This is the colophon. The convention belongs to book printing — a back-page note on type and paper, signed with modesty. The web equivalent serves the same purpose.
The site is set in Source Serif 4, a transitional serif from Adobe in the lineage of Charter. The whole hierarchy — the hero, the headlines, the reading body — is carried by one serif family through weight and scale alone, with no separate display face. Charter is the named first choice and leads the font stack for any reader who has it; Source Serif 4 is the web-faithful stand-in, because Charter ships no medium weight on the web and the hierarchy depends on a real distinction between a 400 body and a 500 headline. Metadata — dates, section markers, the nav, the footer — is set in a quiet system sans stack, so the chrome stays utilitarian and adds no extra font payload. Monospace is reserved for code. The serif carries the authority, the system sans carries the labels, and nothing else is introduced.
The canvas is a warm parchment, #f5f4ed, never pure white. The one accent is ink blue,
#1b365d, and there is no second chromatic colour anywhere — hierarchy is built from weight,
scale, and warm grey instead. The accent appears only where it carries meaning: the bar marking a list row,
the dot opening a section, link underlines, the italic in the wordmark, inline emphasis inside a post. The
neutrals are all warm-toned, a faint yellow-brown undertone rather than a cool grey, so the page reads as
composed rather than assembled. Pure white and pure black are both banned.
The aesthetic anchor is Kami — tw93/kami, a design system whose one line is “good content deserves good paper.” Warm parchment, a single ink-blue accent, serif carrying the hierarchy, no hard shadows and no cool greys. Kami is a constraint system built for printed matter; this garden applies it to a continuous-scroll reading site, in Kami's editorial mode rather than its structured one — the brand colour lives only in text, containers stay minimal, and the prose is left to carry itself. The reading contract is dwell, not declaration.
The companion discipline is Impeccable: the refusal layer that keeps the paper from drifting. It is less a second style than a review habit — no generic cards, no extra accent, no accidental app chrome, no dark-mode identity pretending to be Kami. Kami defines the surface; Impeccable keeps it honest.
A later process influence is Guizang PPT Skill, specifically its habit of turning layout drift into executable checks. Only that validator discipline transfers. The slide aesthetics do not: no Swiss palette, no WebGL runtime, no deck layouts, no Inter/Helvetica system. Kami remains the visual contract.

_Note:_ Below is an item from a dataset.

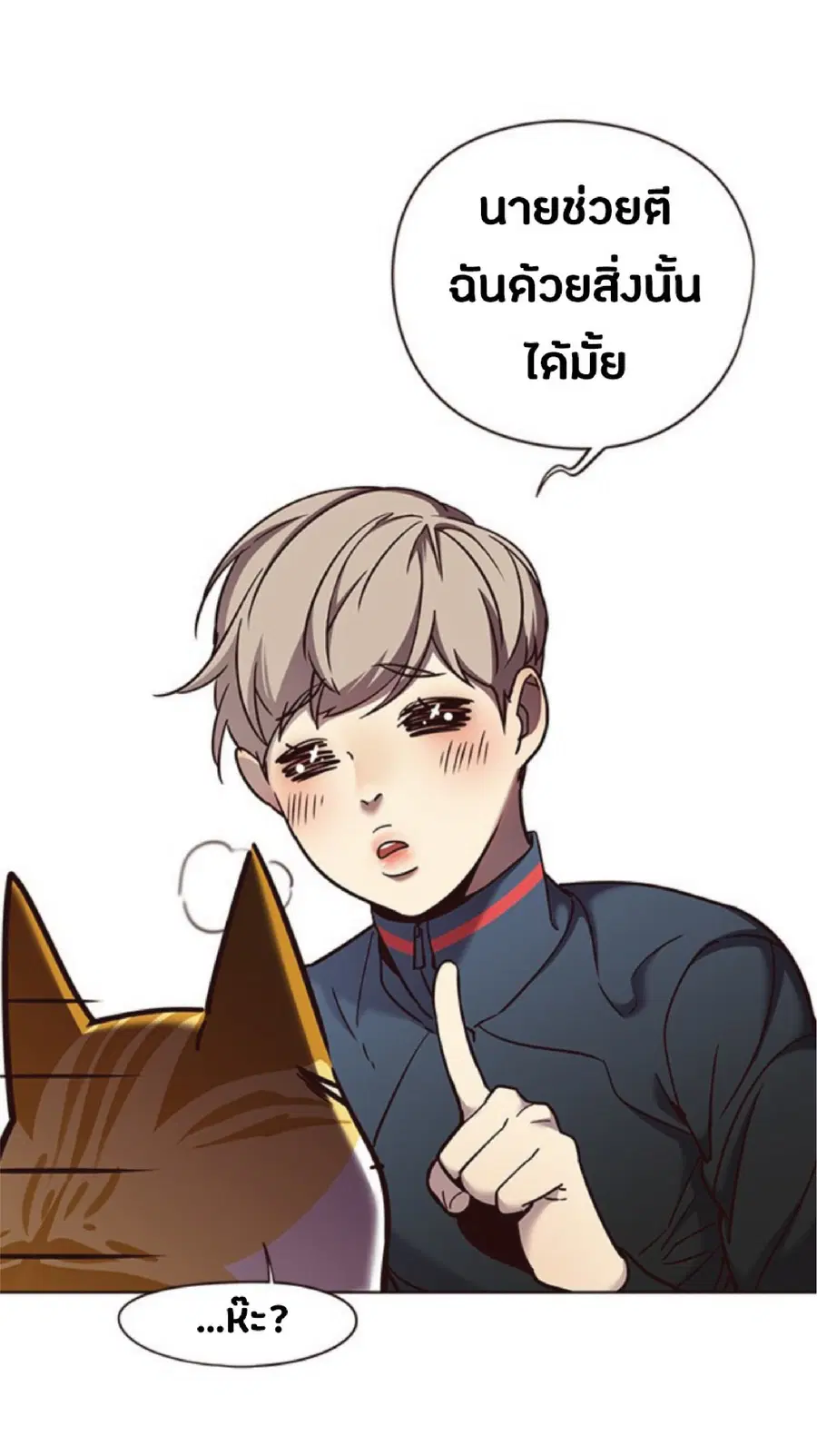 หน้า 74 จาก 75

Kami is the third of a trilogy by tw93 — Kaku writes code, Waza drills habits, Kami delivers documents. Adopting it here was a deliberate swap: the site previously ran a Müller-Brockmann editorial-Swiss system, all grotesk type and neutral grey, and it was replaced wholesale rather than blended, because a design language is a single decision and a half-kept one reads as neither. What did not transfer from Kami was its template set — Kami ships a landing page and document templates, not a feed of three hundred essays — so the archive, topics, and search pages are composed from Kami's documented primitives instead: the dotted eyebrow, the hairline rule, the value-anchor list.
The page is built with Astro and deployed on Vercel, with source posts living in a private repository and synced via a small script. Fonts load from Google Fonts with a print-media swap so they do not block first paint. The homepage follows Kami's landing-page layout; post pages follow its long-doc layout; the per-post social cards are generated at build time with satori. The full design document — the constraint set written as refuse-rules — lives at DESIGN.md in the repository for anyone who wants the longer version.